E isso acontecerá a partir de agora.
SPOILERS X SPOILERS X SPOILERS X SPOILERS X SPOILERS X SPOILERS X SPOILERS X SPOILERS X SPOILERS X SPOILERS X SPOILERS X SPOILERS X SPOILERS
Bom, como foi dito ao longo das ultimas 3 críticas, o Batman do Nolan não é o mesmo de Bob Kane, é uma releitura interessantíssima, e o seu desfecho foi um tanto controverso.
O roteiro corre bem até quase o final.
Em Begins, Rachel Dawes diz que Batman é a identidade real, Bruce o disfarce, isso pode ser encarado como uma visão pessoal da mesma, mas ainda assim é estranho que o ex-milionário se sinta á vontade com a aposentadoria
Nolan parece ter ficado com um certo receio de ser criticado como foi em Inception, com o “pião indefinido” e dessa vez tomou partido,mostrou TUDO do futuro dos personagens. O excesso de flashbacks e repetições de falas (esse último foi constante nos outros 2 filmes também) faz com TDKR pareça Batman for Dummies, em determinados momentos. Esse excesso de explicações empobrece o filme.
Talvez a conduta que mais tenha diferido de tudo já realizado em matéria de Batman, foi a postura de Alfred com relação à volta do herói. Michael Caine está maravilhoso, e demonstra toda a preocupação por seu pupilo com lágrimas que comovem quem assiste, mas ainda assim, o Mordomo não abandonaria Bruce, mesmo a contragosto, mesmo temendo por sua morte. Isso até seria relevado, se não fosse o final adocicado que Nolan preparou para o personagem trágico que ele mesmo criou. Revelar Bruce com Selina Kyle em um café de Florença foi “mostrar demais”, foi o “pião” de “Origem”, só que ao contrário. Nessa caso, uma olhadela de Alfred seria o suficiente, visto que a cena anterior mostrou que Wayne consertou o piloto automático, e que o colar da Martha Wayne tinha sumido do inventário do falecido Bruce.
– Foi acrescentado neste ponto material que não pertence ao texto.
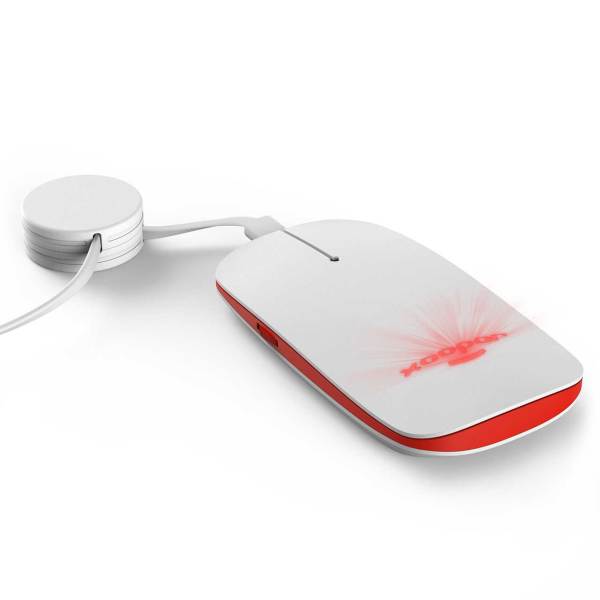Xoopar Pokket 2 Mouse - red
Voltando ao Bane, o vilão foi banalizado e desmoralizado, quase tanto quanto em “Batman e Robin” de Joel Schumacher, no final das contas, ele tornou-se um mero capanga. E Nolan mais uma vez mata Marion Cottilard de maneira esdrúxula. Apesar do grande talento da atriz, a empatia de Miranda Tate com Bruce é estranhíssima, e seu caso de amor ocorre de maneira rápida e forçada. Tália ia até bem, nos poucos minutos que apareceu, mas sua morte foi tão mal realizada que dificilmente deixará saudades.
Joseph Gordon-Levitt fez um policial interessante, apesar de seu papel representar uma das coisas que Nolan disse que jamais se encaixaria na sua concepção do Cruzado Encapuzado – e sim, isso pode causar raiva em uma grande parcela de fãs.
Olhando os argumentos acima, TDKR pode parecer um filme ruim – isso está longe de ser a verdade, seu subtexto é o mais forte da franquia, discorre sobre temas diversos e mostra uma maturidade muito incomum para um filme de herói.
“Ressurge” é o filme menos verossímil do ponto de vista estético, é muito mais heróico que seus antecessores, fecha com dignidade a franquia, e tem uma mensagem interessante, a de que qualquer um pode ser um herói.
PS. 1: Jonathan Crane está demais no filme.
PS. 2: Por mais que o brinquedinho novo BAT seja muito “maneiro”, o batpod com rodas giratórias é icônico demais, não há como ver e não querer um.
PS. 3: O Poço de Lázaro de Nolan é uma interpretação interessante, mas a cura da coluna do Batman é muito forçada.
PS. 4: O que não se pode esquecer apesar da interpretação Batman NÃO abandona Gotham! Bruce Wayne é o Batman!
Como em Cavaleiro das Trevas de Frank Miller, o Batman só se “aposentaria” para treinar outros justiceiros, e conhecendo o herói, dificilmente ele faria isso, sem supervisionar de perto.